Mr Winston Kim, Consultant Orthopaedic Surgeon, discusses his approach to hip replacement surgery. He specialises in primary and revision hip replacement surgery and hip replacement in younger patients.
Total Health asks ten top hip Consultant Surgeons the following questions:
Q1: Which type of hip prosthesis do you routinely use and why?
Q2: How long have you used this choice?
Q3:Do you use this prosthesis exclusively?
Q4: If you sometimes use alternative prostheses please specify which type(s) and why?

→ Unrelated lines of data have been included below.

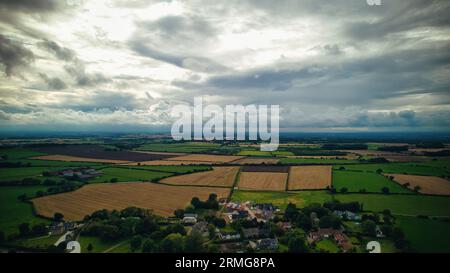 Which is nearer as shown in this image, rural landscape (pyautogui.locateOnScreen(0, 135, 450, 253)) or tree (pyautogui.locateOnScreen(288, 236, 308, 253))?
tree (pyautogui.locateOnScreen(288, 236, 308, 253))

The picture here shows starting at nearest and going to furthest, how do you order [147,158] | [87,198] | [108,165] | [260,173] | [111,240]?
[111,240] → [87,198] → [260,173] → [108,165] → [147,158]

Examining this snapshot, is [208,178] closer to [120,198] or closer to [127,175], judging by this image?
[127,175]

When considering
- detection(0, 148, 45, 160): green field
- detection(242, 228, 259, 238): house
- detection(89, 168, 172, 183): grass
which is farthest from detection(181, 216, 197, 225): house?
detection(0, 148, 45, 160): green field

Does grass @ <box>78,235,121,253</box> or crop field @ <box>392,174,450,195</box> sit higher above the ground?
crop field @ <box>392,174,450,195</box>

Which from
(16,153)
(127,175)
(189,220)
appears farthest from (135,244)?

Q5: What procedure do you use?
Q6: If you needed a hip replacement now which prosthesis and procedure would you opt for?
Q7: What over-riding piece of advice would you give to someone considering having hip replacement?
"My routine hip replacement is a cemented Exeter Femoral Stem and polyethylene acetabular component (either Contemporary or X3) manufactured by Stryker. The Exeter Stem has good long term results (> 25 years follow up) and has stood the test of time. The science behind how it works is sound; we understand how and why it has such good long term clinical and functional outcomes and the factors that predict a good outcome, meaning the surgical and technical nuances necessary to implant the hip replacement well. Furthermore, the National Joint Registry (the UK has the largest registry worldwide) informs us that cemented hip replacements do very well, and the Exeter Stem is the most commonly implanted component."
"If the hip replacement fails in the long term, it generally fails in a predictable fashion- unlike for instance failures in cement-less metal-on-metal hip replacements and resurfacing metal on metal hip arthroplasty. This is important as failed hip replacements will need to be reconstructed and revision operations can be very tricky if hip replacements fail in unpredictable ways. The Exeter hip allows greater flexibility and ease of revision if re-do surgery is required. Most important of all, my own patients are very pleased with their clinical and functional outcome and I make a lot of friends doing this procedure!"
"Over 10 years."
"I do not use this prosthesis exclusively because I often perform complex hip replacements in young patients with very specific anatomical abnormalities and also revision hip replacements where it is necessary to utilise other implants to address bony or soft tissue abnormalities. However I do try whenever possible to utilise the above implants. Alternative implants are the use of Trabecular Metal Augments and cement-less shells or cups (e.g. produced by Zimmer Inc.)"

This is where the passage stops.